IDAES/idaes-pse

Add Pylint checks forcing Pyomo rules to use only local variables

dallan-keylogic opened this issue · 5 comments

While debugging issues with collocation discretization for dynamics, we found that nonintuitive behavior of Python closures when defining functions with nonlocal variables can cause major problems. The behavior at issue is this:

In [1]: string = "foo"

In [2]: def print_foo():
   ...:     print(string)
   ...:

In [3]: string = "bar"

In [4]: print_foo()
bar

The behavior I expected was that when print_foo is defined, it would freeze the value of string to be what it was when print_foo was defined. Instead, it is still updated from the outer context. This can cause a ton of trouble when Pyomo rules are created using nonlocal variables. For example, in the Separator, a rule is defined using multiple variables from outside the local scope:

image

The same problem occurs: the nonlocal variables change in a loop, the equations are generated correctly the first time, but then are incorrectly generated at additional timepoints by PyomoDAE.

To prevent this problem in the future, I propose that checks be added (via Pylint?) that any function with rule in the name, and any functions with the @Constraint or @Expression decorators be forced to use only local variables.

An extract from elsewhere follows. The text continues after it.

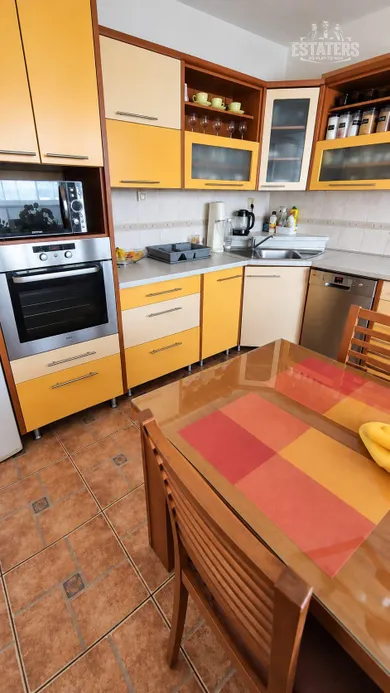 Na predaj 3-izbový byt, 78 m², Michalovce, Jána Hollého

I've searched for "closures" in the Pylint 2.12.2 docs and cell-var-from-loop seems to be the only match: https://pylint.readthedocs.io/en/v2.12.2/technical_reference/features.html#variables-checker-messages

image

Unfortunately, I'm not sure if that check can be used as-is for this purpose. I'll try to look into (a) searching for similar checks that might have been added in later versions of Pylint, and (b) how the check is implemented in Pylint, to get a sense of how hard it would be to adapt.

I think that check would work to prevent the sorts of problems we're getting from these instances. Being more paranoid than that might be good practice in general, but if we can get most of the value from something built in, no need to put in a huge amount of effort.

I agree with the general principle that "something is better than nothing" when it comes to these checks.

My doubt about this specific check is whether it might be too narrow to be useful: from its name and description (i.e. without having performed tests or looked at how it's implemented), my understanding is that it only triggers if the closure is defined in a for loop, and not in other scopes (such as the if block in the initial example).

The original example is actually nested inside a big for loop, which is causing the problem. It's just too big to actually paste in (look at the PR I opened if you want to see what's going on in context).

Ooh, I see, thanks for clarifying. In this case, I agree it makes sense to at least try enabling the check and see what happens (possibly as part as #1242 itself?).